[Saved data entries]
───

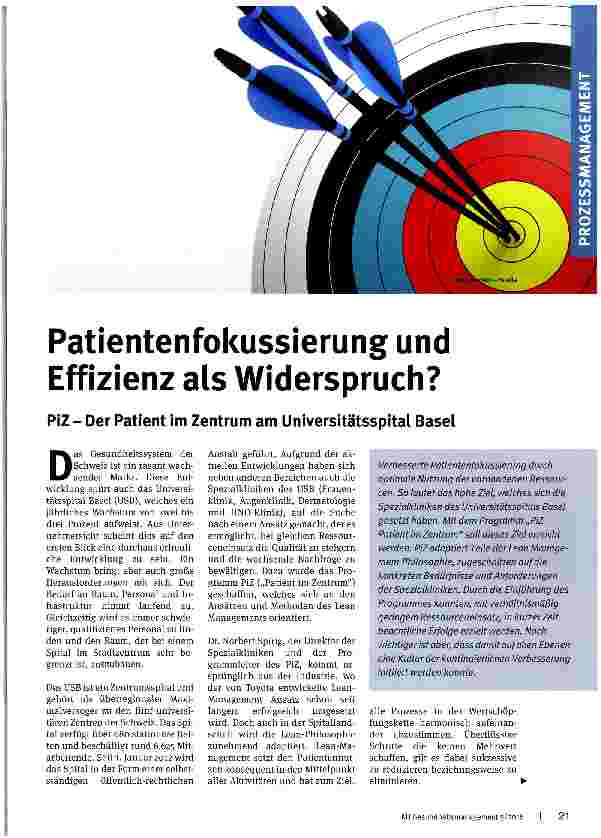 Vorschauseite 1: Patientenfokussierung und Effizienz als Widerspruch?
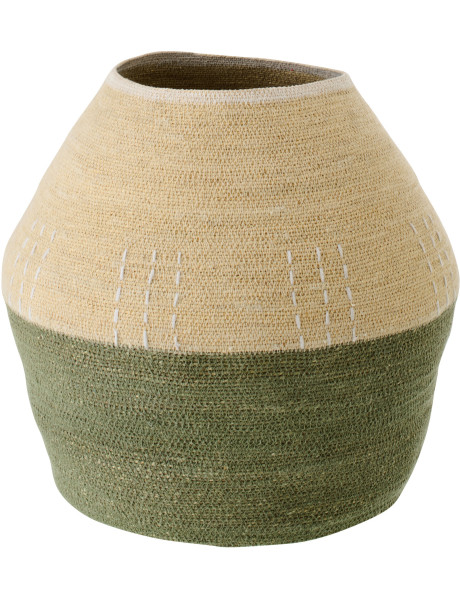 Panier de rangement naturel et vert olive en jonc de mer...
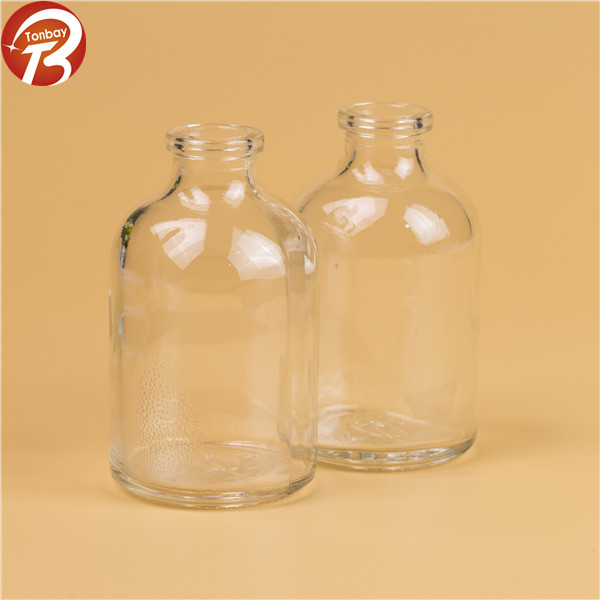 20mm crimp neck 50ml clear moulded glass vial bottle for antibiotics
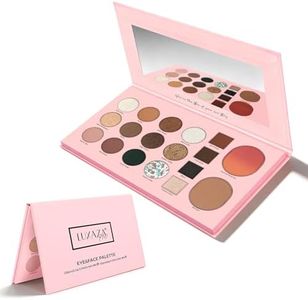 LUXAZA PRO 5-in-1 Backed Eyeshadow Makeup Palette with Blush Bronzer Highlighter, Natural Nude Eye Shadow Palettes 18 Colors Matte Shimmer Glitter Tone Long Lasting Smudge-Proof, Ideal Gifts for Women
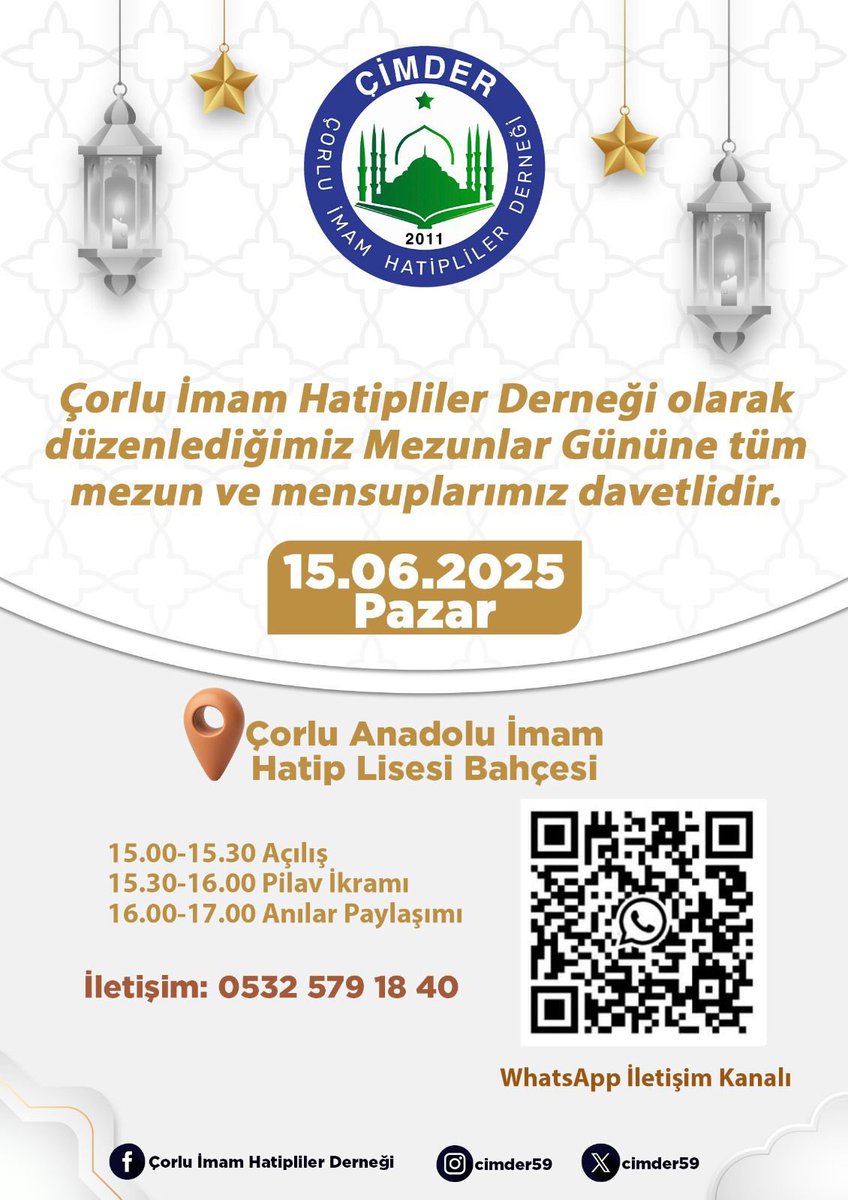 cimder59's tweet photo. Çorlu İmam Hatipliler Derneği olarak düzenlediğimiz Mezunlar Gününe tüm mezun ve mensuplarımız davetlidir.

@onderihl https://t.co/f6JLbHmwGO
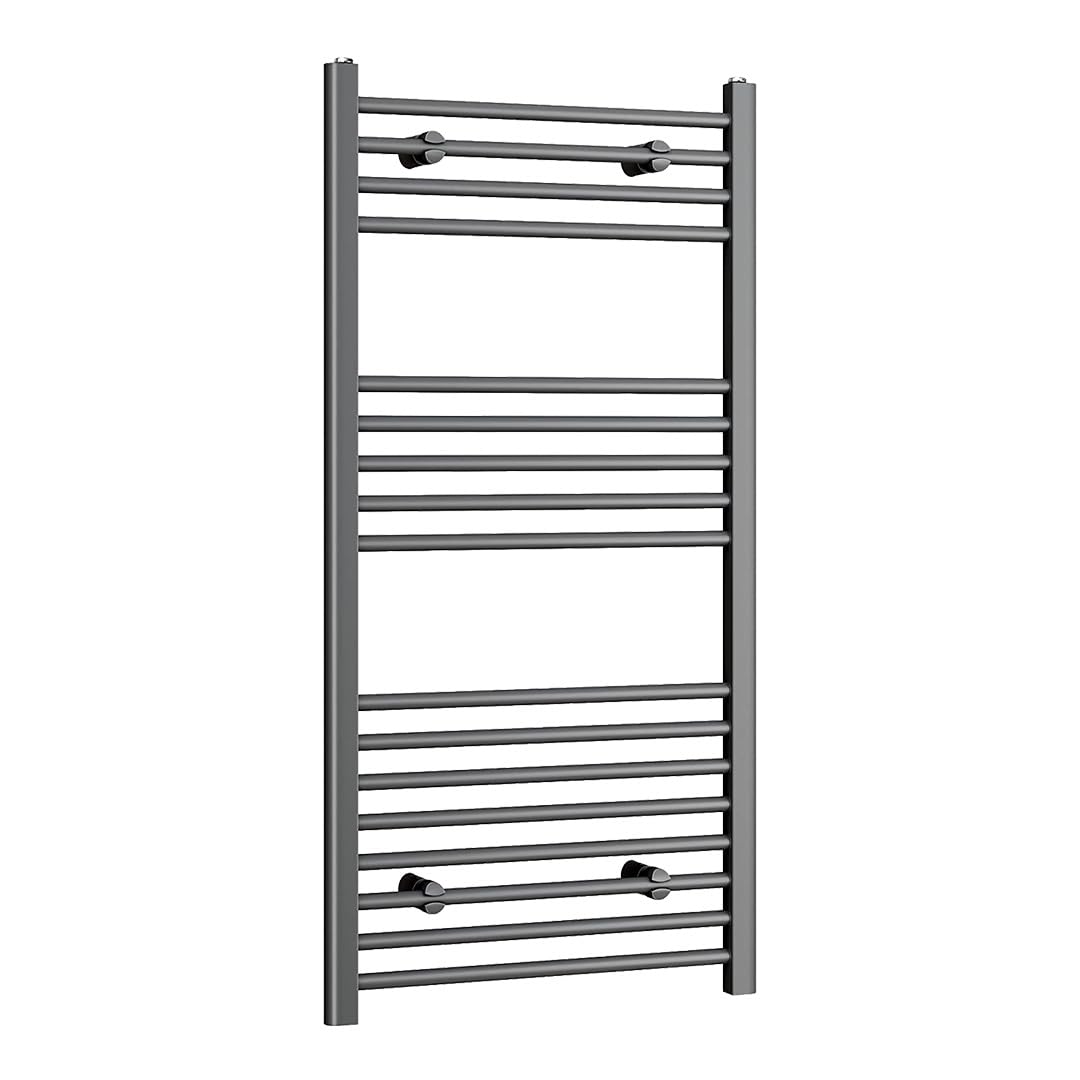 iBathUK Zypher Straight Wall Mounted Heated Towel Rail, 17 Column Steel High Thermal Output Hydronic Central Heating, Round Designer Towel Rail in Matt Anthracite, 1200 × 600mm — image 1
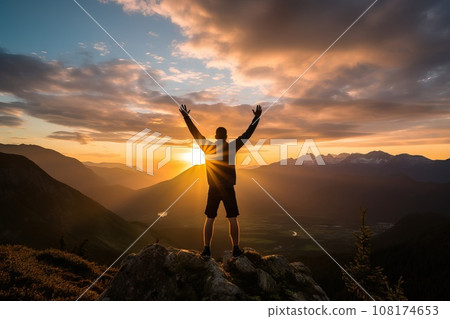 Silhouette stands triumphantly on the green mountain top Raise your arms and make a fist Generative AI 108174653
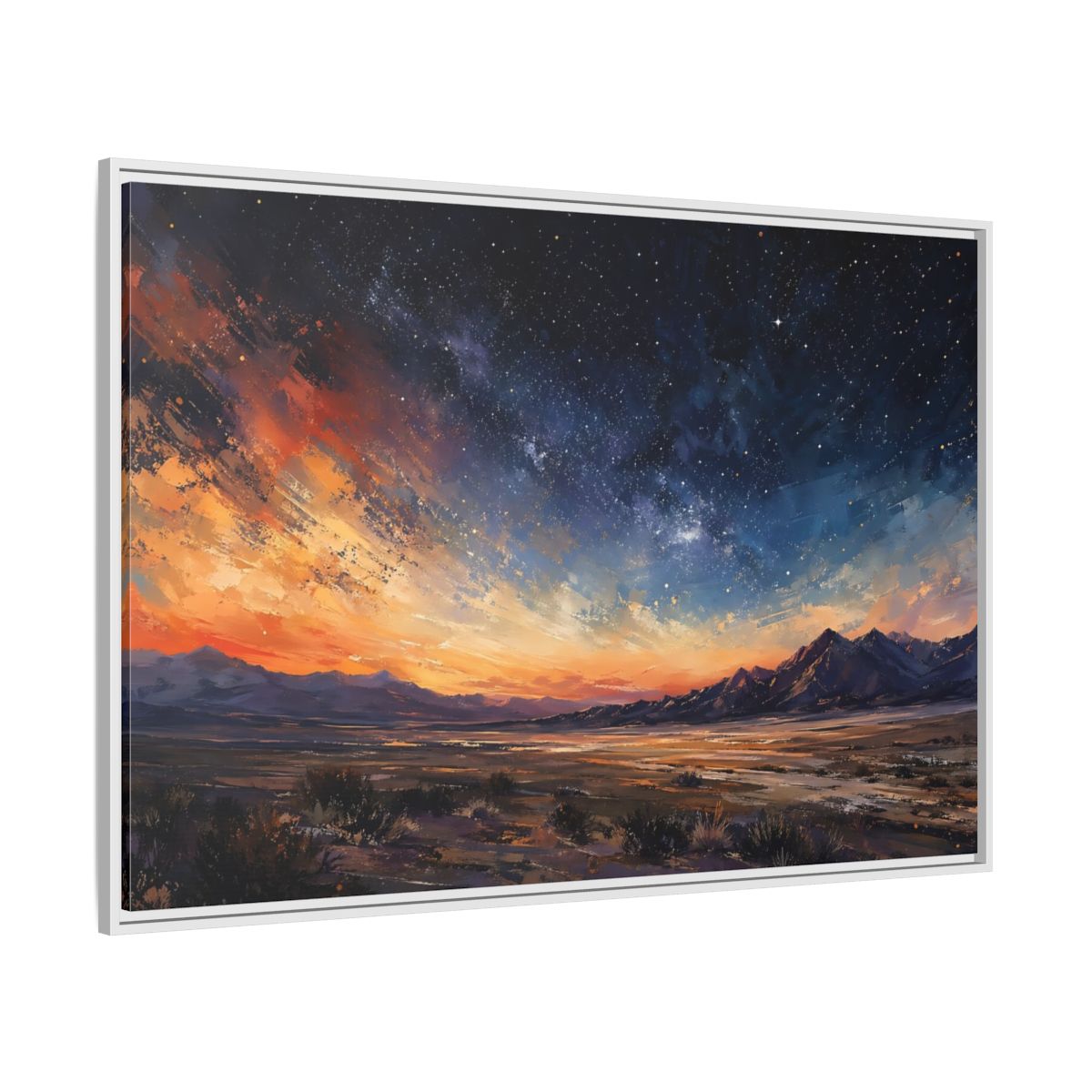 Nature Starry Sky Orange Blue Landscape Framed Canvas Print – Impressionistic Living Room, Above Fireplace - YesArtYes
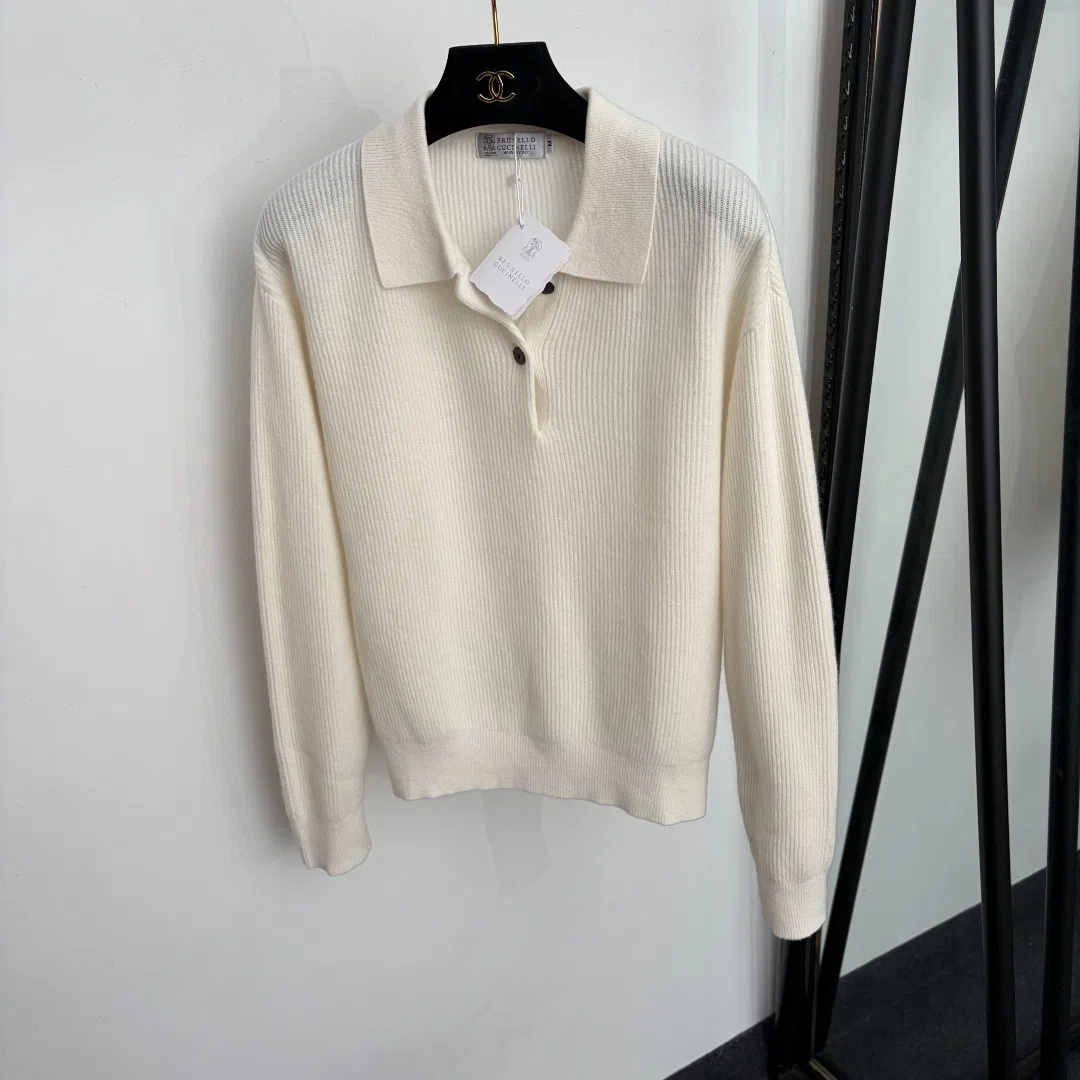 Brunello Cucinelli Women's Long-Sleeve Wool Polo Shirt - Ref. WCBRUNELLOCUCINELLI0011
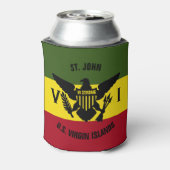 Amerikaanse Maagdeneilanden vlag sint-janskruid, r Blikjeskoeler (Blikje Achterkant)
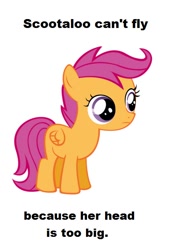 Size: 522x760 | Tagged: safe, derpibooru import, scootaloo, headcanon, scootaloo can't fly, text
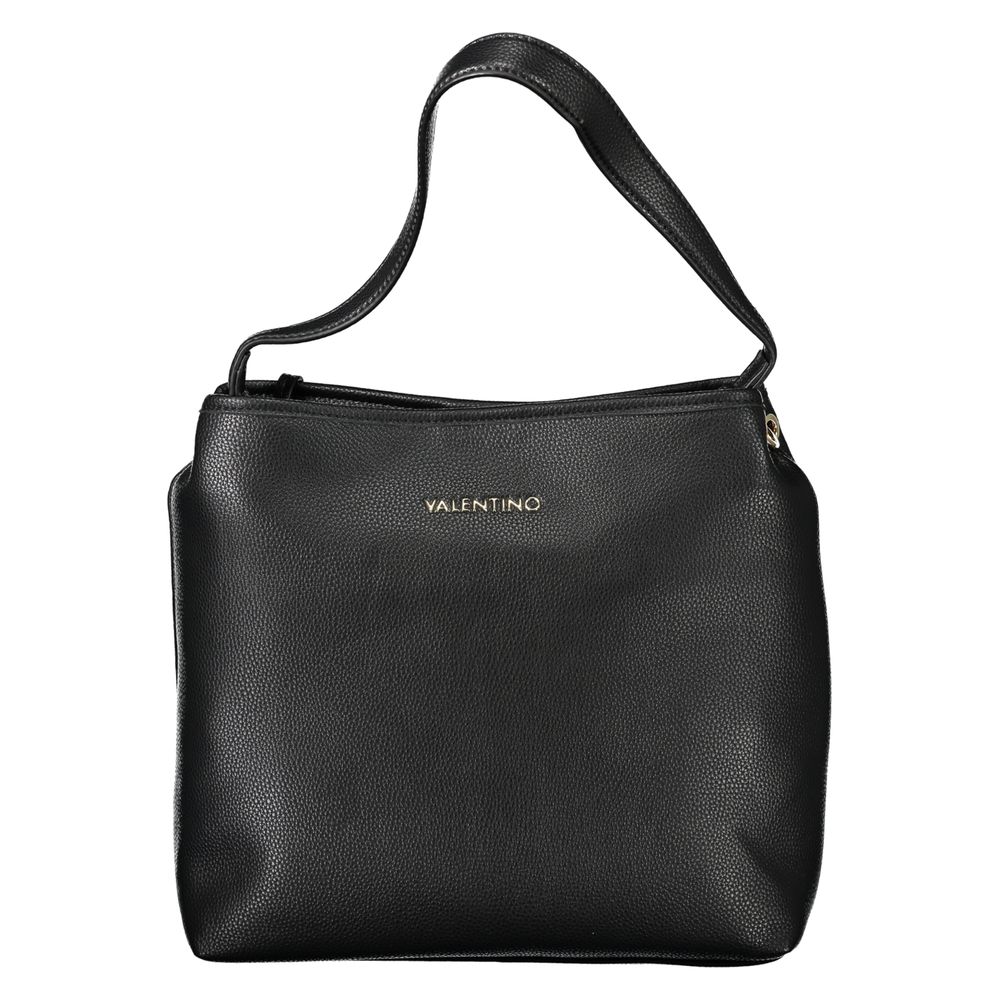 Mario Valentino Black Polyethylene Handbag with shoulder strap, internal pouch, pockets, and logo.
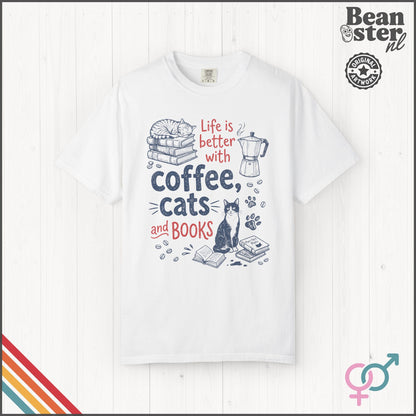 Coffee Cats And Books T-Shirt | Cozy Book Lover Gift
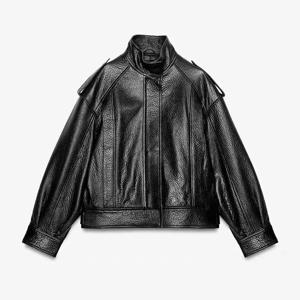 신상품 가을 ZA2025 여성 가죽 파일럿 재킷 코트 ZW 시리즈 긴소매 지퍼 솔리드 컬러 출퇴근 스타일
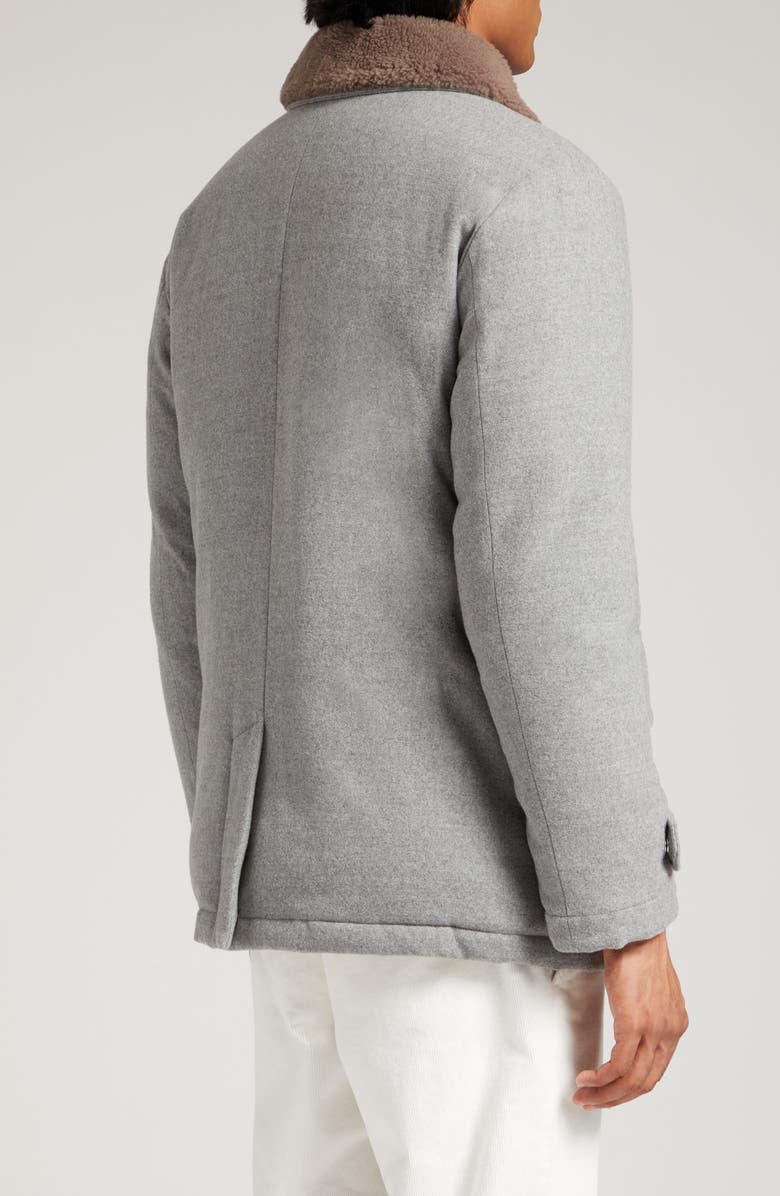 Eleventy Wool Down Coat with Genuine Shearling Trim, Alternate, color,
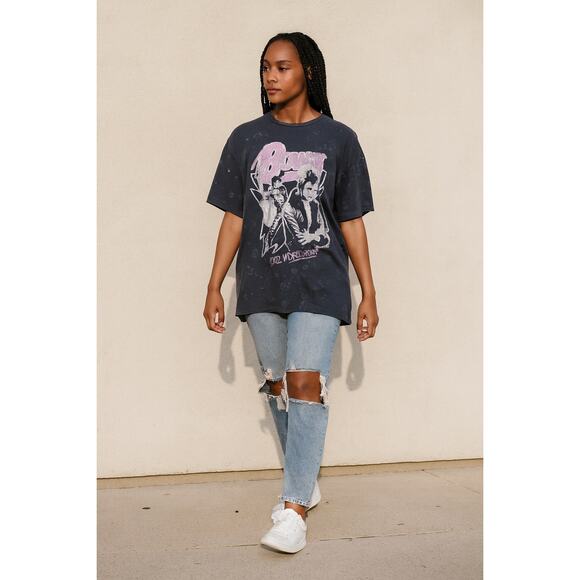 Hybrid Apparel Womens Oversized David Bowie 1972 World Tour T-Shirt Size XL Gray - Picture 1 of 7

───

Instructions to follow = Retype every entry verbatim and exclude the pictures from the copy.

Answer for this exercise =
 Vorschauseite 1: Patientenfokussierung und Effizienz als Widerspruch?
 Panier de rangement naturel et vert olive en jonc de mer...
 20mm crimp neck 50ml clear moulded glass vial bottle for antibiotics
 LUXAZA PRO 5-in-1 Backed Eyeshadow Makeup Palette with Blush Bronzer Highlighter, Natural Nude Eye Shadow Palettes 18 Colors Matte Shimmer Glitter Tone Long Lasting Smudge-Proof, Ideal Gifts for Women
 cimder59's tweet photo. Çorlu İmam Hatipliler Derneği olarak düzenlediğimiz Mezunlar Gününe tüm mezun ve mensuplarımız davetlidir.

@onderihl https://t.co/f6JLbHmwGO
 iBathUK Zypher Straight Wall Mounted Heated Towel Rail, 17 Column Steel High Thermal Output Hydronic Central Heating, Round Designer Towel Rail in Matt Anthracite, 1200 × 600mm — image 1
 Silhouette stands triumphantly on the green mountain top Raise your arms and make a fist Generative AI 108174653
 Nature Starry Sky Orange Blue Landscape Framed Canvas Print – Impressionistic Living Room, Above Fireplace - YesArtYes
 Brunello Cucinelli Women's Long-Sleeve Wool Polo Shirt - Ref. WCBRUNELLOCUCINELLI0011
 Amerikaanse Maagdeneilanden vlag sint-janskruid, r Blikjeskoeler (Blikje Achterkant)
 Size: 522x760 | Tagged: safe, derpibooru import, scootaloo, headcanon, scootaloo can't fly, text
 Mario Valentino Black Polyethylene Handbag with shoulder strap, internal pouch, pockets, and logo.
 Coffee Cats And Books T-Shirt | Cozy Book Lover Gift
 신상품 가을 ZA2025 여성 가죽 파일럿 재킷 코트 ZW 시리즈 긴소매 지퍼 솔리드 컬러 출퇴근 스타일
 Eleventy Wool Down Coat with Genuine Shearling Trim, Alternate, color,
 Hybrid Apparel Womens Oversized David Bowie 1972 World Tour T-Shirt Size XL Gray - Picture 1 of 7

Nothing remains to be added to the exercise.